I am guilty as charged! For what? Not listening. My wife reminds me everyday how guilty I am when she has to repeat what she just told me. We may say it is “selective hearing” but all joking aside, it is a huge problem in our society today. My church denomination is having “Listening Sessions” this year around a very sensitive issue on how we plan to move forward regarding matters of human sexuality and unity. The way forward is to be determined next Spring and will most likely affect our denomination forever. My message this week is about effective listening to one another.
Wikipedia describes listening as the attention we give to sounds such as speech, music or nature. It involves a complex affective, cognitive, and behavioral process. You can dive into the google world and learn a whole lot about our abilities or lackluster attempts to listen. Active listening in one article says it is the most important skill we can have. Unfortunately, most of us are not using our skill very effectively as between 25-50% of what we hear we remember. We should make a conscience effort by first paying attention. We should make eye contact, put our own thoughts on hold and then provide feed back to the person talking confirming we understand what was said. A good source to learn more on active listening is at www.mindtools.com.
My church denomination started a commission on a way forward as mentioned above several years ago.
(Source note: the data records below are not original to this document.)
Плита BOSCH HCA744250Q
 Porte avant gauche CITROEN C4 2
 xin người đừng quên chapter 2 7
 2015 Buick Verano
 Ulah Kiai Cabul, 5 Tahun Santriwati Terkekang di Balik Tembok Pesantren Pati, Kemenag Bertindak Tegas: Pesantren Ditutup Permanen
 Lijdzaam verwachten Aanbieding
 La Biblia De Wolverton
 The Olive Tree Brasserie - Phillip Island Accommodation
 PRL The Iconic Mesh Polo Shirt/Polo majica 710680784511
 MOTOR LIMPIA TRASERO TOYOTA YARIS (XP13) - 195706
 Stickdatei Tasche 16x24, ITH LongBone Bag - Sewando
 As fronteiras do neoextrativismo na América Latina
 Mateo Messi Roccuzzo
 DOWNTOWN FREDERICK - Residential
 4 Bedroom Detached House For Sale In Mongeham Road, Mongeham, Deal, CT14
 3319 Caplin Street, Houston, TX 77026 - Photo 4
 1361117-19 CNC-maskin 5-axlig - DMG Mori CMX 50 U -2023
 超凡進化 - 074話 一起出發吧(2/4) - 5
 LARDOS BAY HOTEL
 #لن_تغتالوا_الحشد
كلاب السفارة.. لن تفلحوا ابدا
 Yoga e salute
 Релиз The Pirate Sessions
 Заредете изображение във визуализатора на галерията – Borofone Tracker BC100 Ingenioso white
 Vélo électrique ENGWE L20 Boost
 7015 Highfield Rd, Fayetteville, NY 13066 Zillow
Harmful behaviors mentioned in the report is interrupting, ignoring, discounting other’s opinions, speaking on behalf of others, or exhibiting a domineering behavior to others. These harmful behaviors do not promote effective listening, in my opinion. We all have opinions, but perhaps we all need to learn how to first listen to another’s opinion before jumping into our point of view. We can all take scripture passages to prove our point but to me it is not about proving our point. It is about listening to each other with the intention to understand each other’s position. Most arguments are not about the superficial actions that started the conflict. In my opinion, the argument stems from a lack of proper communication. One person may specifically ask for something, where the other person, without thinking reacts. The action of the first person causes a reaction of the second person yielding a negative result. If the second person considered the question more thoroughly, perhaps the result may have been more positive. I believe many of us tend to speak on behalf of others assuming we know the answer. I am sure we all had situations during our Thanksgiving holiday that could have gone better, if we had listened more effectively. As we start Advent leading up to Christmas Day, let us all be aware of the power of listening with the intent to first understand before imposing our own thoughts.
John 18:33-37 tells us the story of how Pilate heard only what he wanted to hear about Jesus. Let us not listen with the intent to only hear what we want to hear. The passage ends with these words, “Whoever accepts the truth listens to my voice.”
May we listen for the purpose of understanding the whole story.